FUSE expects you to implement callbacks for the various functions.
In the following definitions, "errno" can be 0 (for a success),
-EINVAL, -ENOENT, -EONFIRE, any integer less than 1 really.
You can import standard error constants by saying something like
"use POSIX qw(EDOTDOT ENOANO);".
Every constant you need (file types, open() flags, error values,
etc) can be imported either from POSIX or from Fcntl, often both.
See their respective documentations, for more information.
=head2 EXPORTED SYMBOLS
None by default.
You can request all exportable symbols by using the tag ":all".
You can request the extended attribute symbols by using the tag ":xattr".
This will export XATTR_CREATE and XATTR_REPLACE.
=head2 FUNCTIONS
=head3 Fuse::main
Takes arguments in the form of hash key=>value pairs. There are
many valid keys. Most of them correspond with names of callback
functions, as described in section 'FUNCTIONS YOUR FILESYSTEM MAY IMPLEMENT'.
A few special keys also exist:
=over 1
=item debug => boolean
This turns FUSE call tracing on and off. Default is 0 (which means off).
=item mountpoint => string
The point at which to mount this filesystem. There is no default, you must
specify this. An example would be '/mnt'.
=item mountopts => string
This is a comma separated list of mount options to pass to the FUSE kernel
module.
At present, it allows the specification of the allow_other
argument when mounting the new FUSE filesystem.

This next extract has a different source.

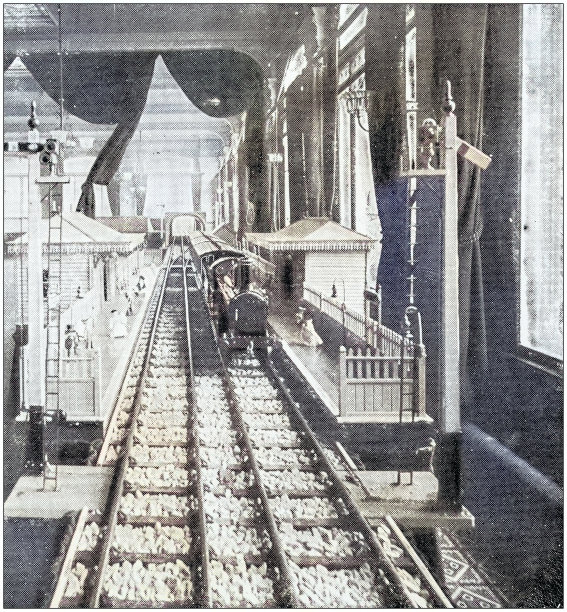 古董照片:玩具火车模型图片下载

To use this, you will also
need 'user_allow_other' in /etc/fuse.conf as per the FUSE documention
mountopts => "allow_other" or
mountopts => ""
=item threaded => boolean
This turns FUSE multithreading on and off. The default is 0, meaning your FUSE
script will run in single-threaded mode. Note that single-threaded mode also
means that you will not have to worry about reentrancy, though you will have to
worry about recursive lookups. In single-threaded mode, FUSE holds a global
lock on your filesystem, and will wait for one callback to return before
calling another. This can lead to deadlocks, if your script makes any attempt
to access files or directories in the filesystem it is providing. (This
includes calling stat() on the mount-point, statfs() calls from the 'df'
command, and so on and so forth.) It is worth paying a little attention and
being careful about this.
Enabling multithreading will cause FUSE to make multiple simultaneous calls
into the various callback functions of your perl script. If you enable
threaded mode, you can enjoy all the parallel execution and interactive
response benefits of threads, and you get to enjoy all the benefits of race
conditions and locking bugs, too. Please also ensure any other perl modules
you're using are also thread-safe.
(If enabled, this option will cause a warning if your perl interpreter was not
built with USE_ITHREADS, or if you have failed to use threads or
threads::shared.)
=item nullpath_ok => boolean
This flag tells Fuse to not pass paths for functions that operate on file
or directory handles. This will yield empty path parameters for functions
including read, write, flush, release, fsync, readdir, releasedir,
fsyncdir, truncate, fgetattr and lock. If you use this, you must return
file/directory handles from open, opendir and create. Default is 0 (off).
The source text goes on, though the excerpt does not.